Tenemos muchos amigos en común pero incluso compartimos una habitación en un psiquiátrico y no nos dirigimos la palabra. Sin embargo, siempre lo leí con entusiasmo y cuando ganó el Premio Casa de las Américas lo enlacé a Editorial El País para que publicara su libro en Bolivia porque sabía qué estaba recomendando. Un hombre de vida tan dura en los Estados Unidos, como la del personaje central de El Exilio Voluntario tiene en Muerta ciudad viva una visión descarnada, desilusionada y escéptica del país y de la ciudad de donde somos oriundos. Yo me había acostumbrado a la imagen festiva que mi carnal Alfredo Medrano y los habitués de El Tornillo teníamos de Cochabamba, imagen que procuré hacerla mía como si viviera en el mejor de los mundos posibles, pero la experiencia del narrador de Muerta ciudad viva es distinta, marginal, sin un peso en el bolsillo y a orillas de choqos de chicha infame y servida en tugurios de mala muerte, donde uno encuentra mendigos y maleantes pero también universitarios y mujeres bellas que los acompañan en busca de aventura y sexo. Uno de los capítulos que me seduce titula Brebajes, página 159, donde hay un cuadro simbólico de toda la novela: “Pronto estaban desterrados del planeta, masturbándose en los sillones, mientras la anfitriona danzaba y abría las nalgas para echarse sonoros pedos. Cada vez que lo hacía acercaba a su culo un encendedor y una bocanada de fuego salía de la raya. Risas. Julio de un platillo iba cortando con tenedor y cuchillo trozos de jabón de tocador que engullía con gran satisfacción. El líquido se iba reduciendo y le aumentaron una botella de agua de colonia que estaba por ahí.”

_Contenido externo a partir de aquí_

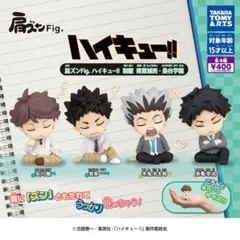 【 ハイキュー 】肩ズン Fig. Part2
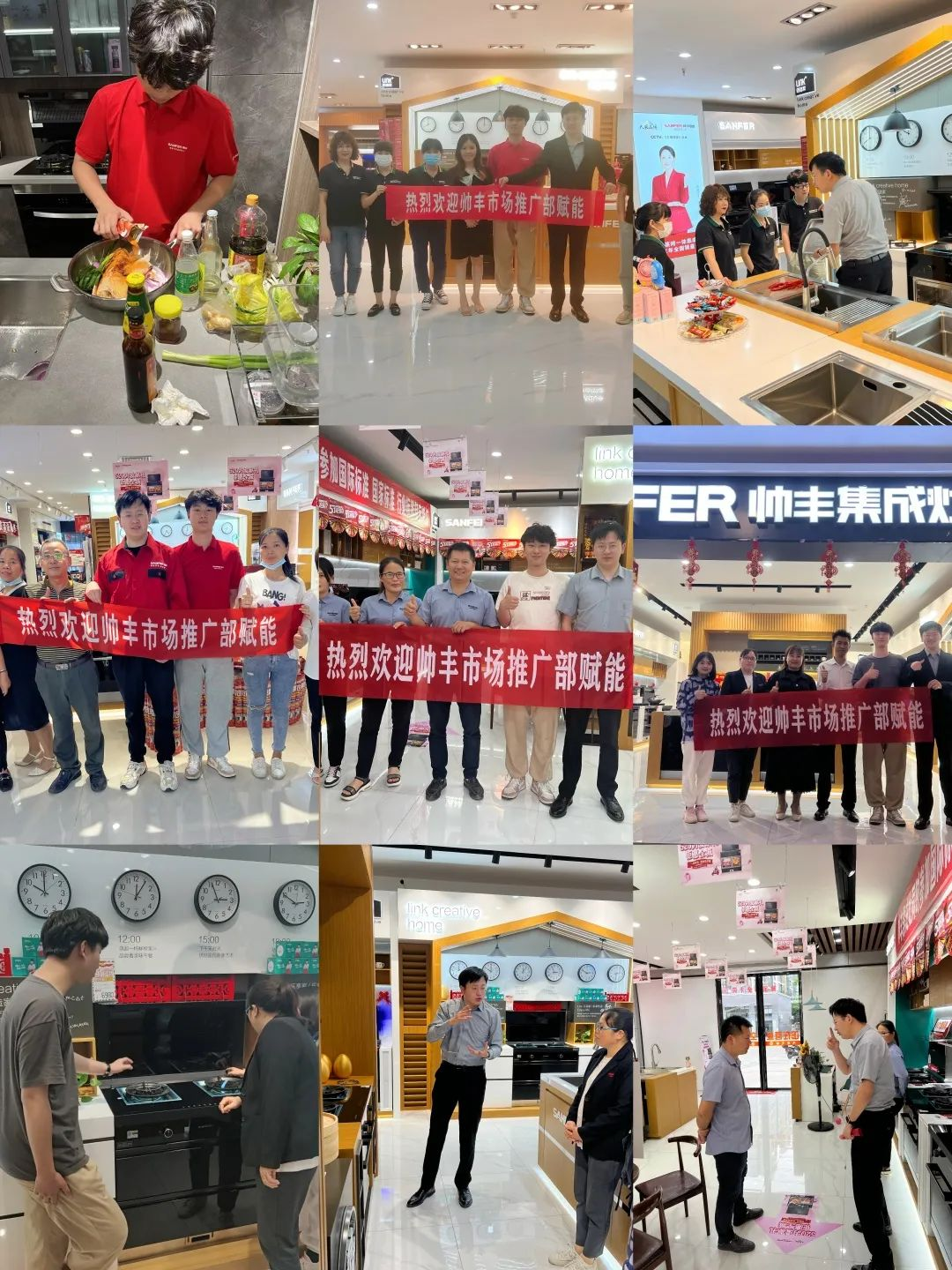 韶華不負(fù)，步履不停 集成灶品牌帥豐電器5月動(dòng)態(tài)復(fù)盤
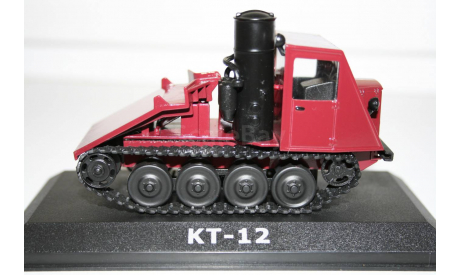 1/43 КТ-12 ТРАКТОРЫ №20 HACHETTE, масштабная модель, scale43
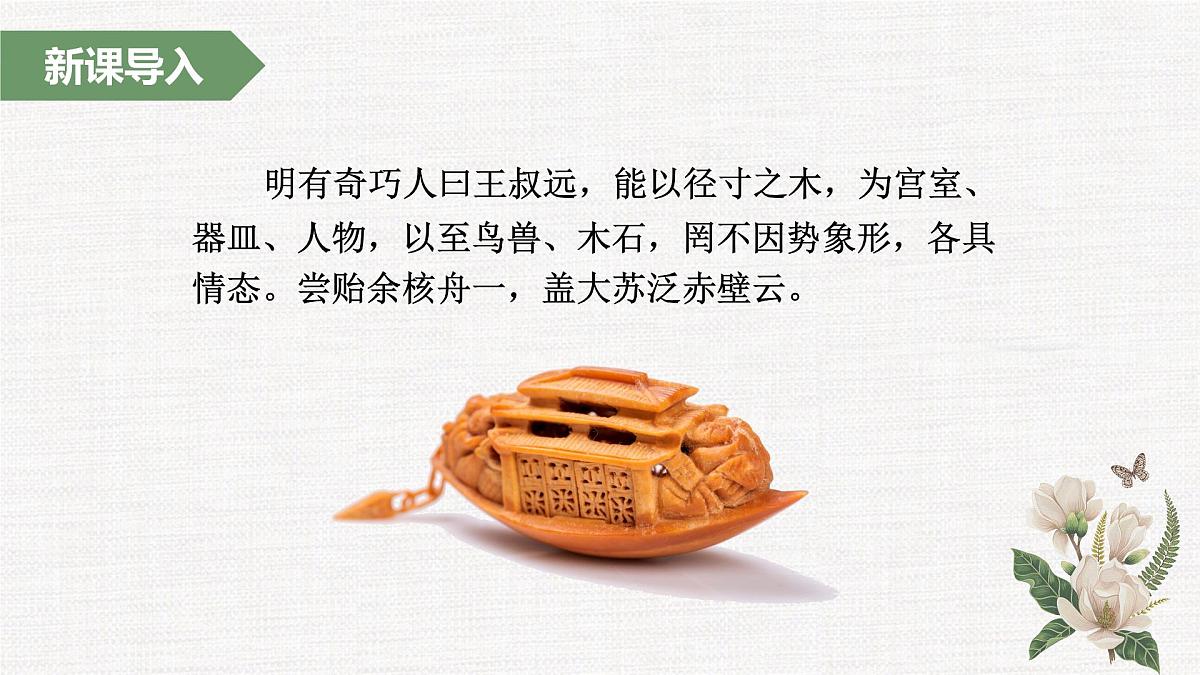 第四单元写作  学习缩写第3页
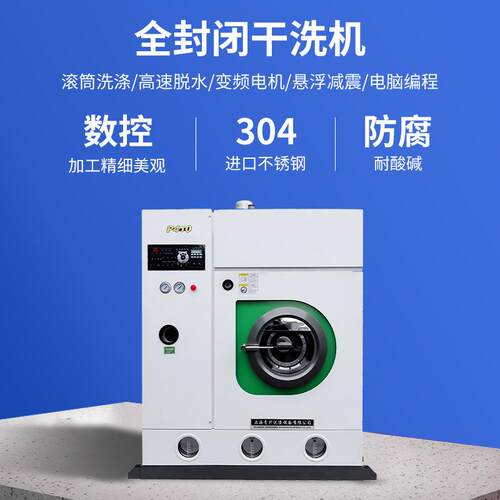 商用石油干洗机全封闭干洗机干洗店洗衣房设备全自动干洗机器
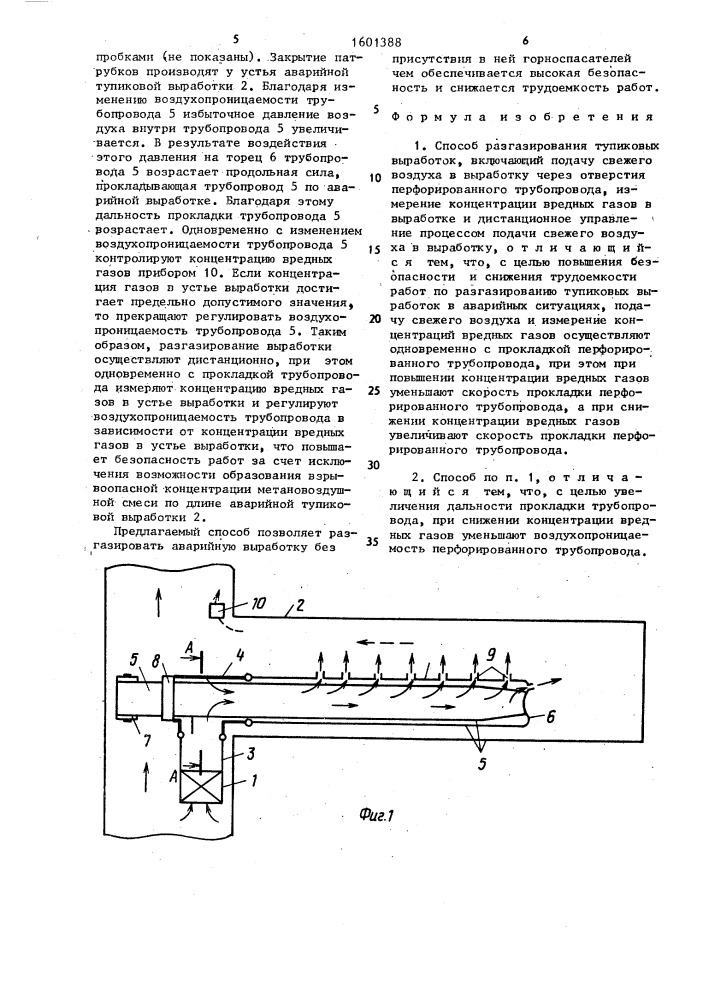 Способ разгазирования тупиковых выработок (патент 1601388)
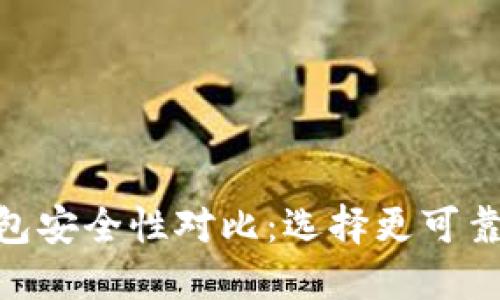 Tokenim钱包与TP钱包安全性对比：选择更可靠的数字资产管理工具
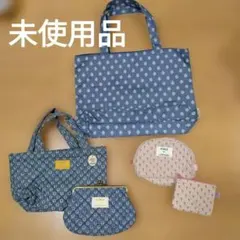 Les Olivadesレゾリヴァード トートバッグ・ポーチ まとめ売り 未使用のサムネイル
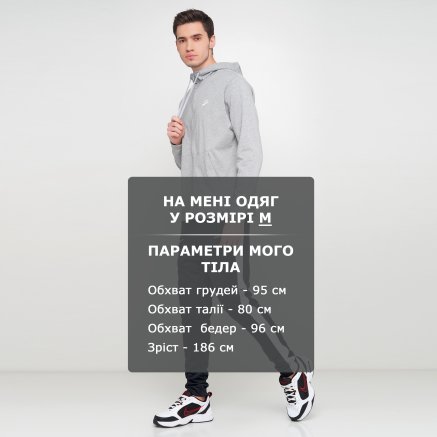 Кофта Nike M Nsw Club Hoodie Fz Jsy - 121790, фото 6 - інтернет-магазин MEGASPORT
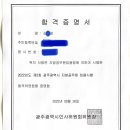 2022 지방직 9급 일반행정 광주 합격수기 이미지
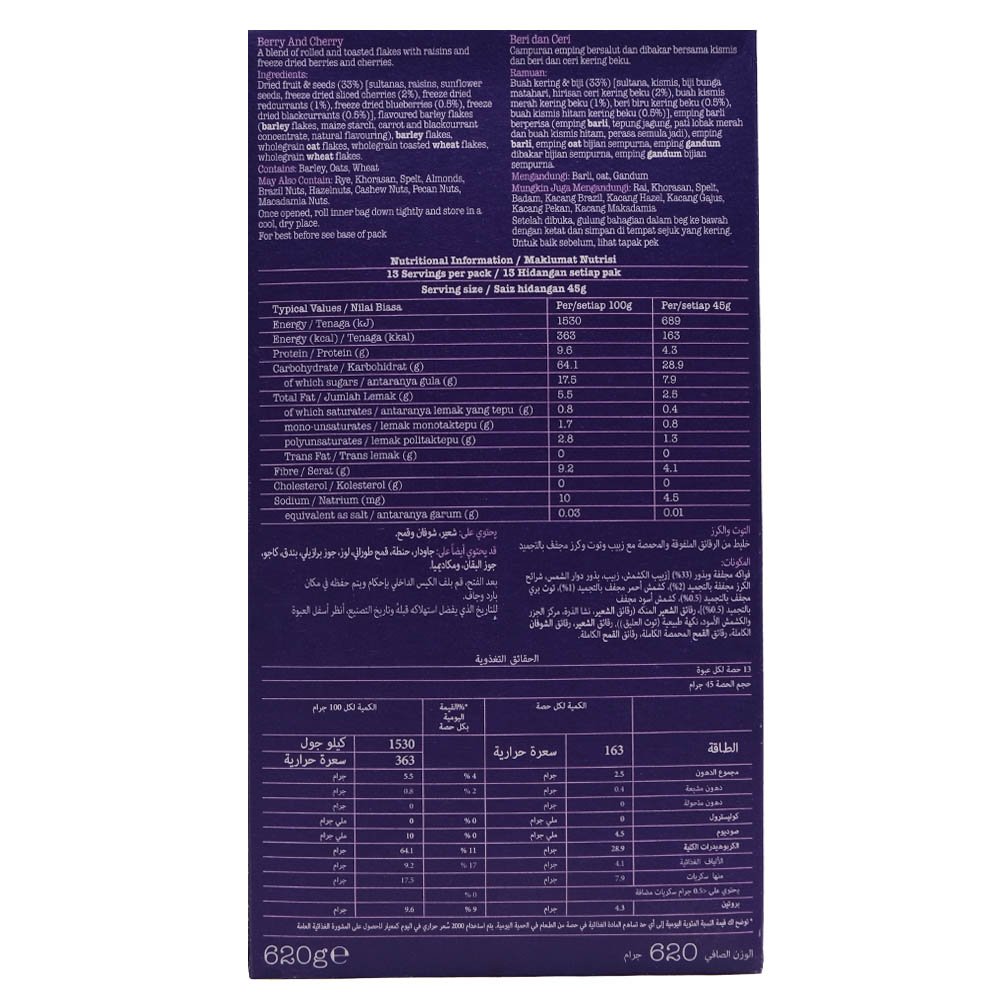 Dorset Cereals Luscious Berry & Cherry Muesli 620g back image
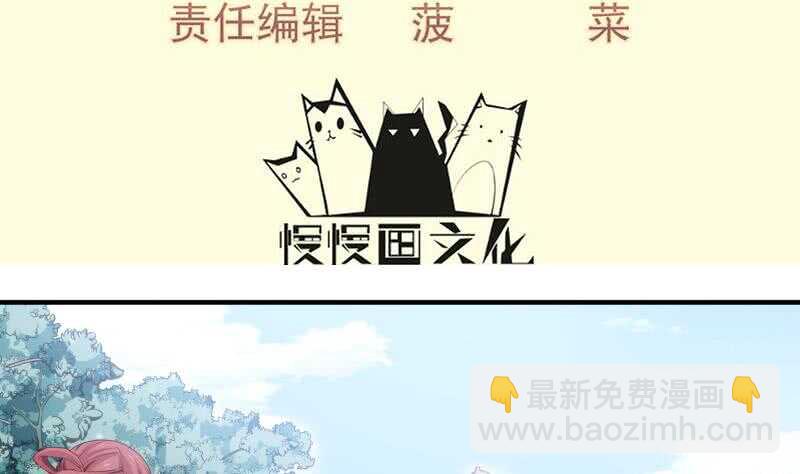 第106话 火羽3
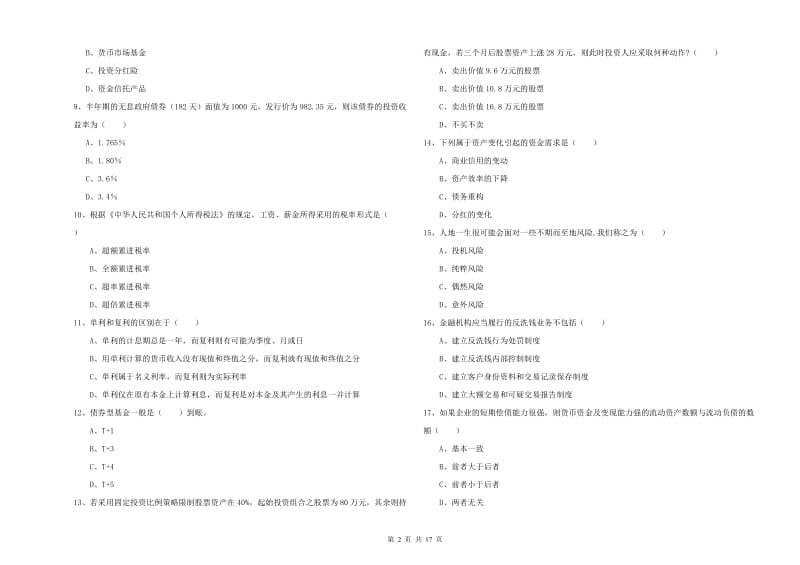 2019年初级银行从业资格《个人理财》自我检测试题D卷 含答案.doc_第2页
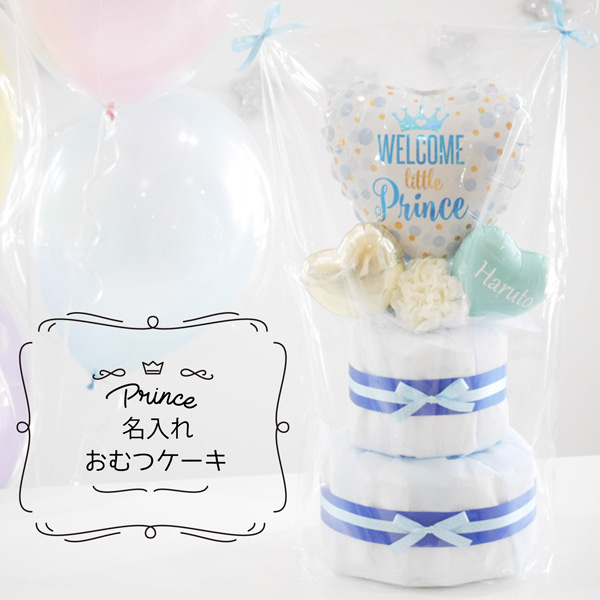 【名入れ無料】出産祝い おむつケーキ 男の子 プリンス バルーン ベビーシャワー 飾り付け プレゼント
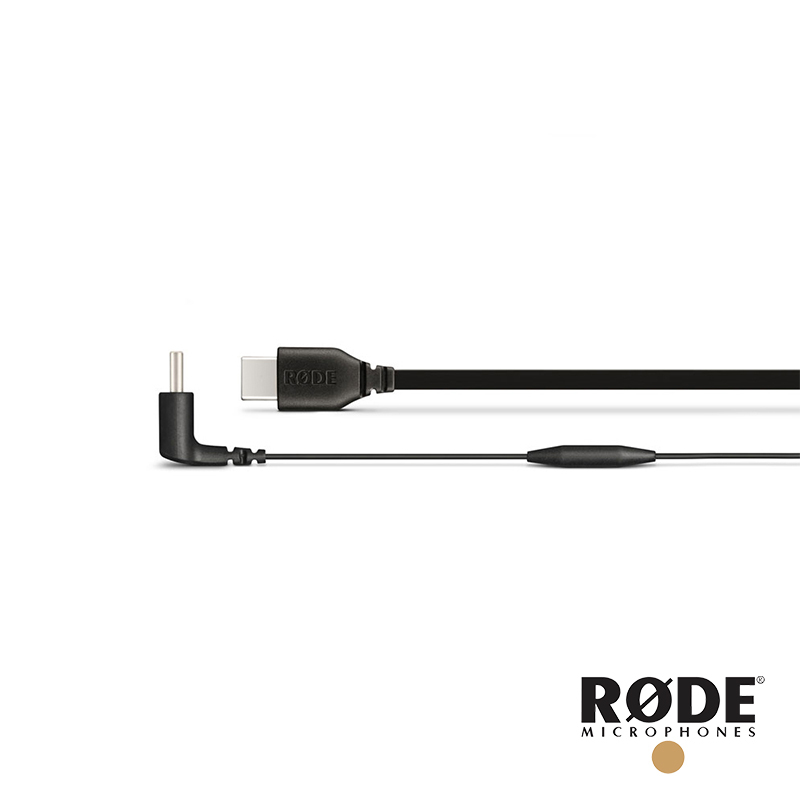 RODE SC16 USB-C to USB-C 音源連接線｜AMMO DEPOT.彈藥庫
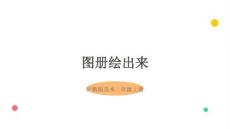 2026沪教版（2024）小学美术二年级上册《图册绘出来》课件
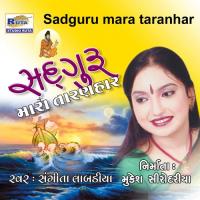 Dhingla Dhingli Mat Kar Ramna Sangeeta Labadiya Song Download Mp3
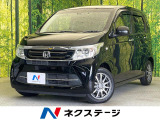バックカメラ 衝突被害軽減システム 禁煙車 ドラレコ スマートキー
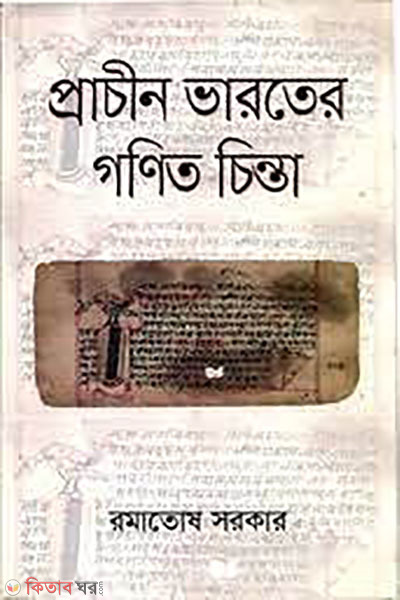 prachin varoter gonit chinta  (প্রাচীন ভারতের গণিত চিন্তা )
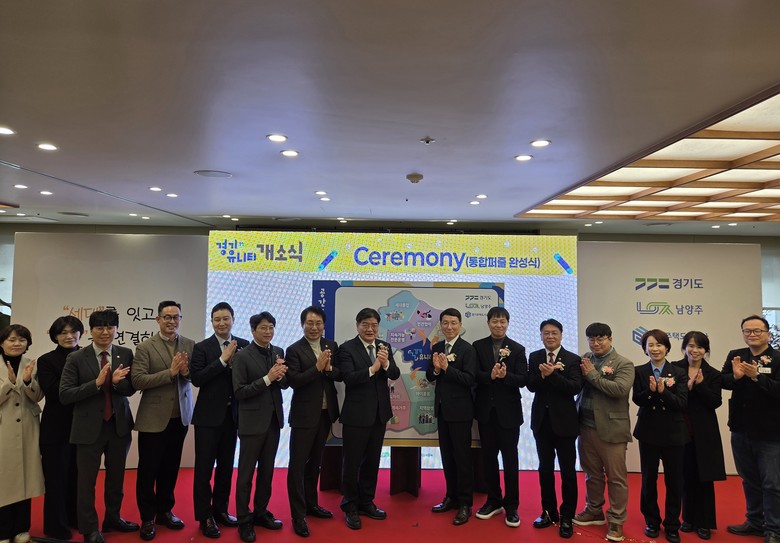 GH, 남양주 다산에 ‘경기유니티’ ...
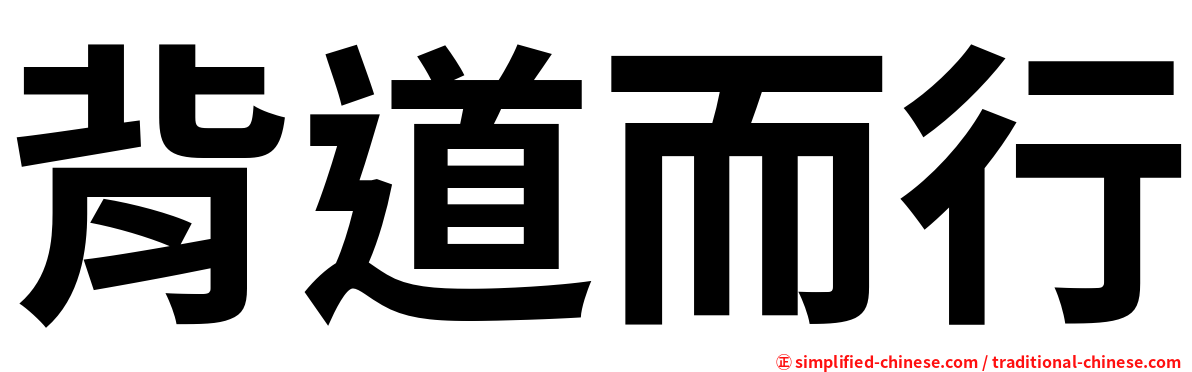 背道而行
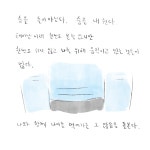 188. 살아있다는 감각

Eso, la desolación de la madre que llegó de la Córdoba civilizada a un país irredento en su pobreza, los barrios marginales donde malviven y malmueren ex hombres y mujeres, y universitarios cuya pobreza, pese a que pertenecen a la “ciudad letrada”, sólo alcanza para gastar unas monedas en una chicha alcoholizada y “horrorosos espacios de degradación y mugre”, esos son los ambientes en los que transcurre buena parte de la narrativa de Claudio, aunque la vida de inmigrante y trabajador de los mercados de El Exilio Voluntario no deja de ser atroz por el esfuerzo y la soledad, que parecen una penitencia por un pecado que no tiene perdón.
Pocos escritores hay en Bolivia y el mundo que tengan el imaginario doloroso, escéptico y rebelde de Claudio. Para ubicarlo habría que leer a Petronio, Rabelais, Lautréamont, Bukovski, Henry Miller, Celine, Cioran y Jaime Saenz. Y luego hablamos.